Take Me Out to the Metric- George Will

George Will is a fine writer and a good fan of baseball. I enjoyed this column which incidentally refers to an interesting blog for some baseball fans. Look at this, especially Ezzie.
"This week, baseball resumes its prodigious production of numbers in another season of 2,430 games with 21,870 innings and approximately 700,000 pitches during 166,000 at-bats. The rage to quantify—to reduce reality to measurable units—is an impulse in modern societies. In baseball, it produces illuminating metrics. For example:

The objective is to win, which means scoring runs while efficiently getting the other team to make 27 outs. Every three outs, you must start over. Until recently, most people assumed that the key to runs was hits. Hence a misplaced emphasis on batting averages. But counting all hits alike is as foolish as counting different denominations of currency as identical. Nowadays, more emphasis is placed on not making outs. Hence the importance of on-base percentage, which is (hits + walks + hits by pitch)/(at bats + walks + hits by pitch + sacrifice flies). That led to the statistic OPS, which is on-base percentage + slugging percentage (which is total bases/at-bats).

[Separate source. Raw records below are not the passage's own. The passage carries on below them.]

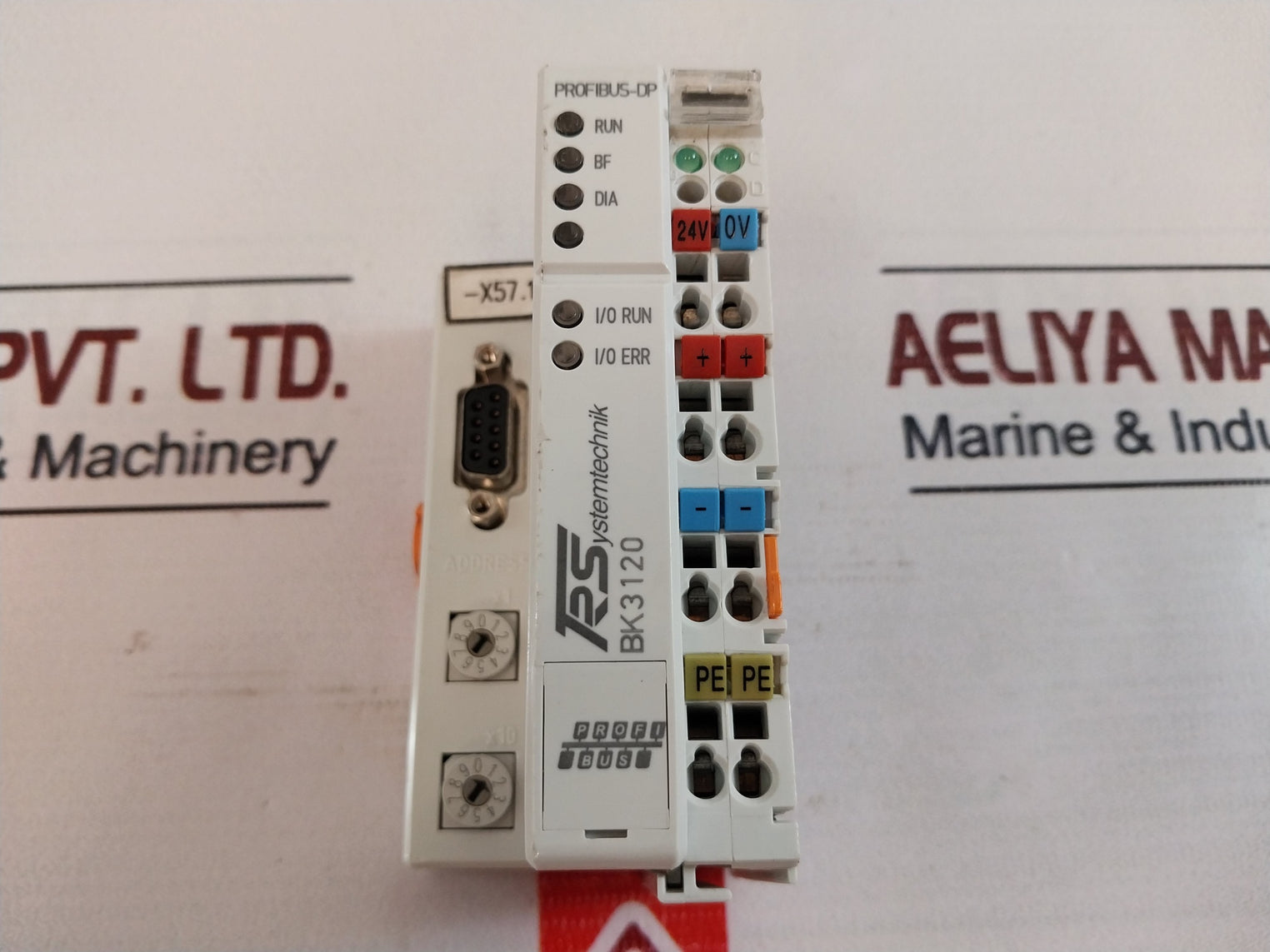 Trs Bk3120 Profibus Coupler 24V Dc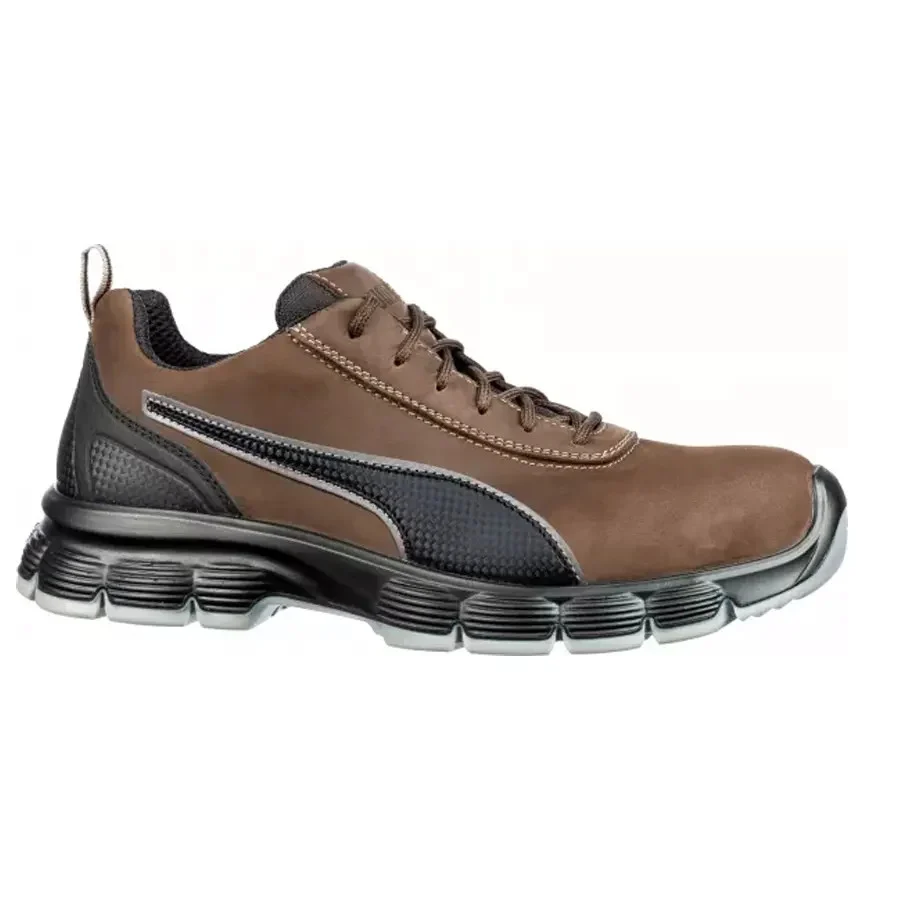 Puma Condor Brown Low ESD Munkavédelmi bakancs (S3L, ESD, FO, SR)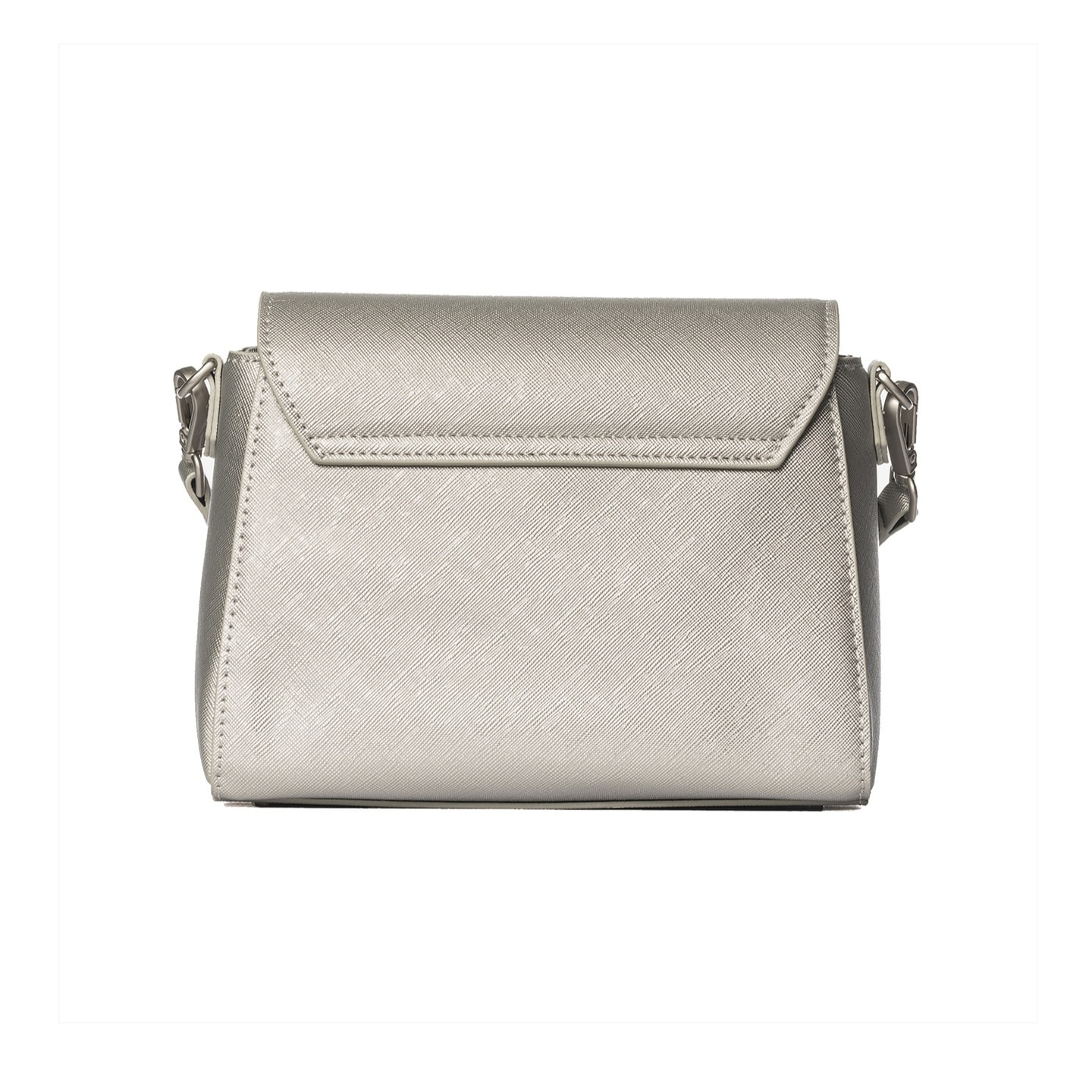 Borsa a tracolla da donna - Modello Iduna Lux - 100% poliuretano - 20.5 x 18.0 x 7.0 cm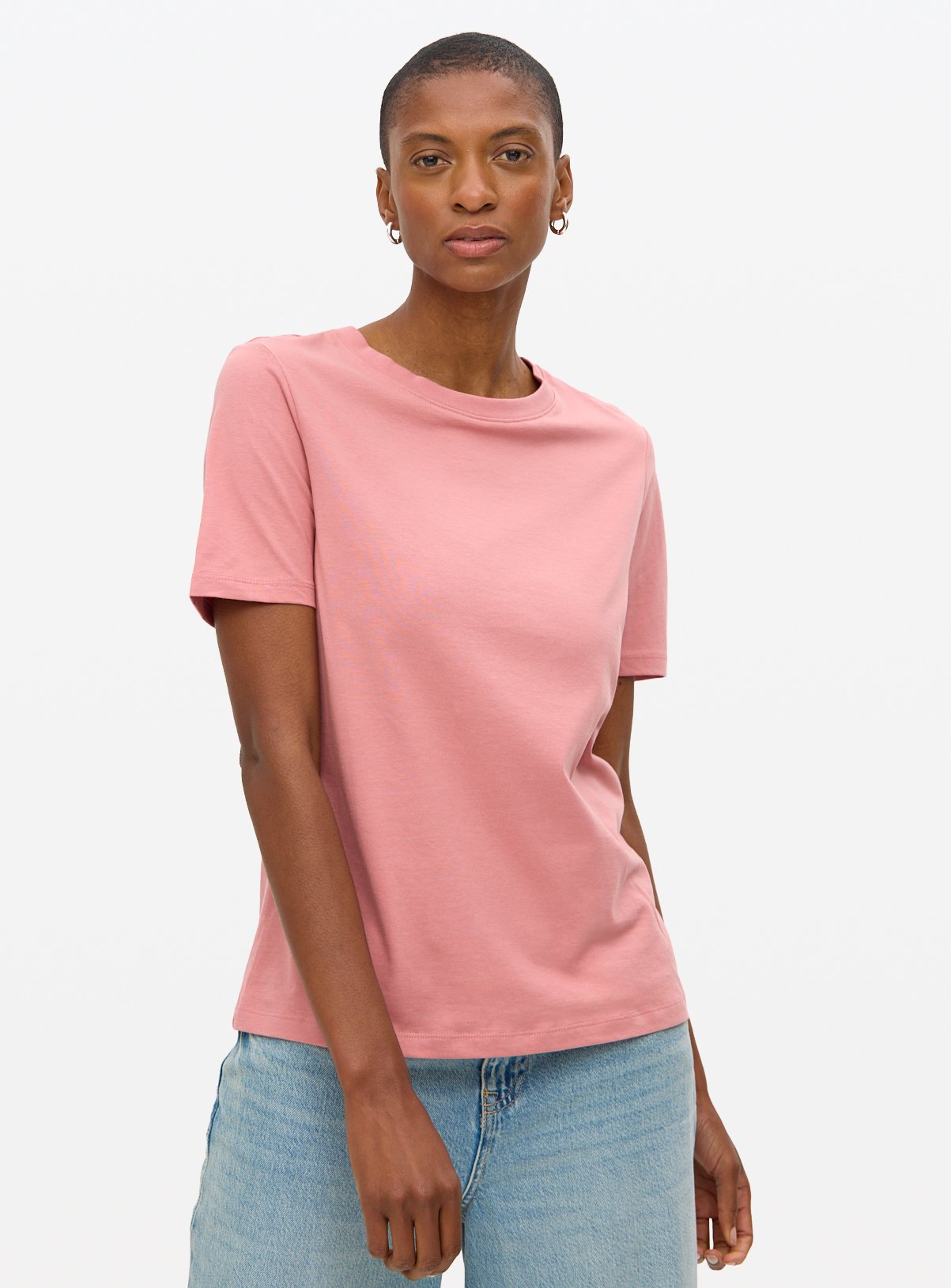 Pink Regular Fit T-Shirt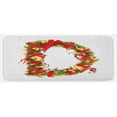 thumbnail image 1 of Ambesonne Christmas Plush Decorative Kithcen Mat with Non Slip Backing, 1 of 2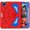 Red+Blue, variant on Kids Case for iPad Pro 11 2022/2021/2020/2018/Air 4/Air 5 with Pencil Holder, Lightweight Shockproof Stand Anti-Slip Rugged Silicone PC Case Cover for Boys Girls, Red Blue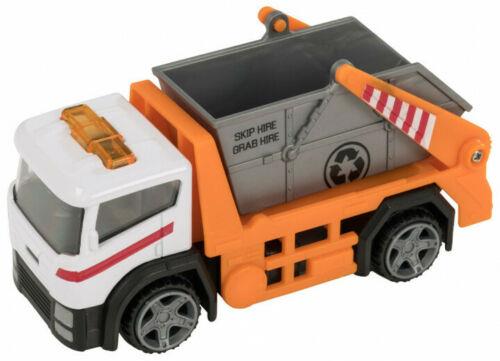 Teamsterz City Trucks Street Sweeper Garbage Truck Fuel Tanker Kids Vehicle Toys - Picture 3 of 5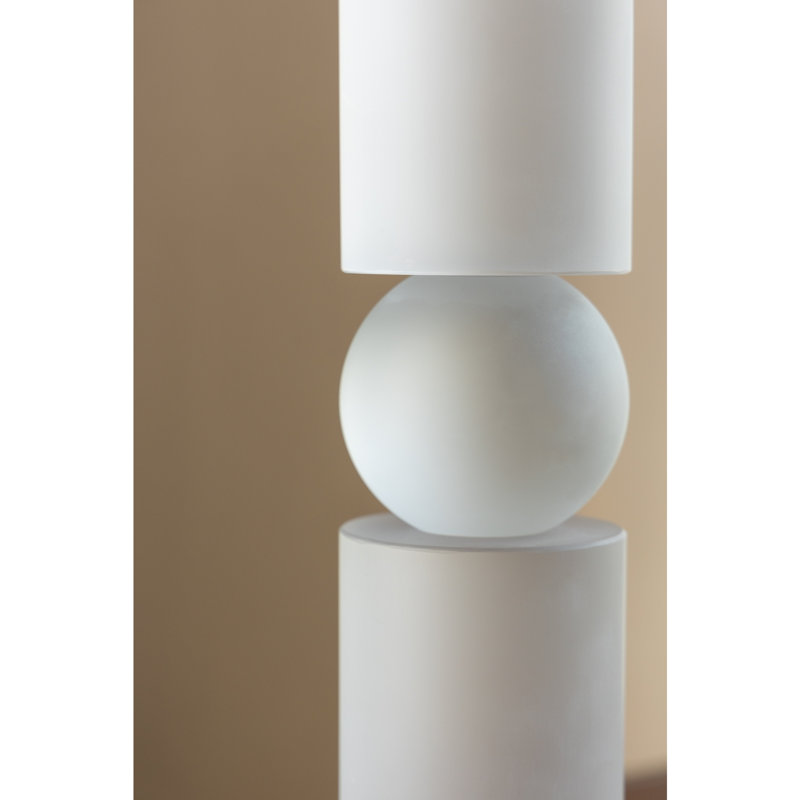 Grand porte-bougie en verre D3.1x15 "Palisade, 15' H X 3.1' W X 3.1' D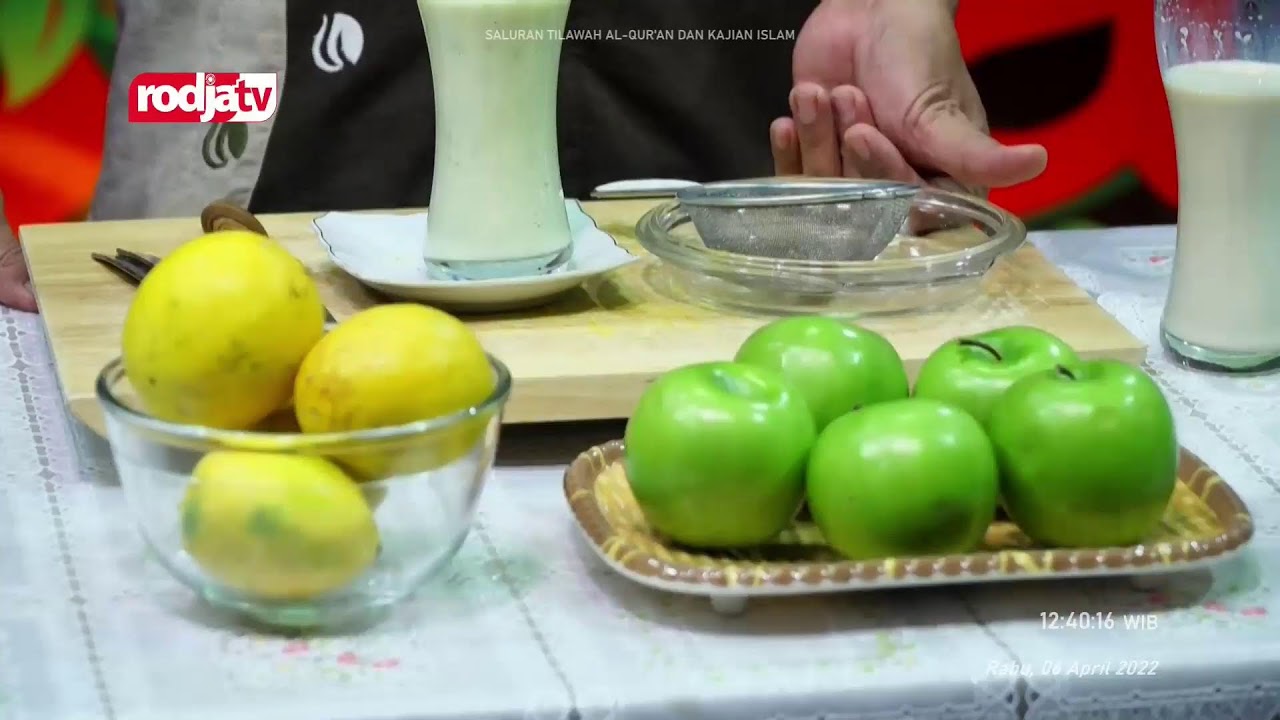 ⁣[LIVE] Dapur Sehat Rodja - Sajian Berbuka Episode 4-  Minuman Berbuka Penderita Wasir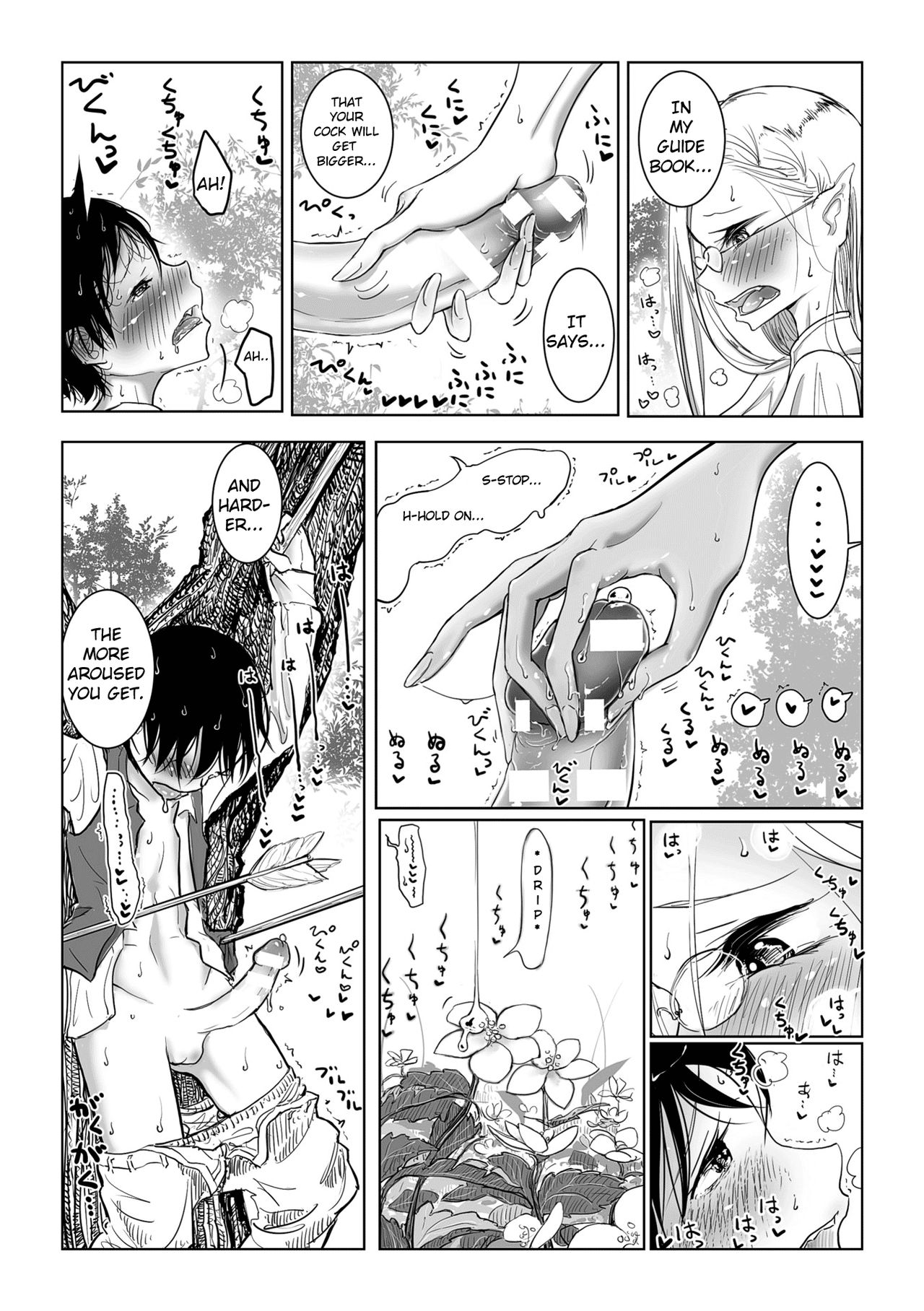 Elf Songikai Koushiki Sakusei Manual | The Elf Village Council Official Sexual Extraction Manual page 6 full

But Bill James, a pioneer of novel metrics (see "The Mind of Bill James" by Scott Gray), says OPS takes the elements of run creation and puts them together incorrectly. "They shouldn't be added together, they should be multiplied. A team with a .400 on-base percentage and a .400 slugging percentage would score more runs than a team with .350 and .450, although both add up to .800 OPS." James suggests calculating "runs created": (hits + walks - caught stealing) x (total bases + .7 steals) / (at bats + walks - caught stealing)."

2 comments:

Ezzie said...

Thank you! (Catching up on my Jack-reading... man, not having a good Internet connection is killing me!)

Jack Steiner said...

My pleasure. This seemed like it was right up your alley.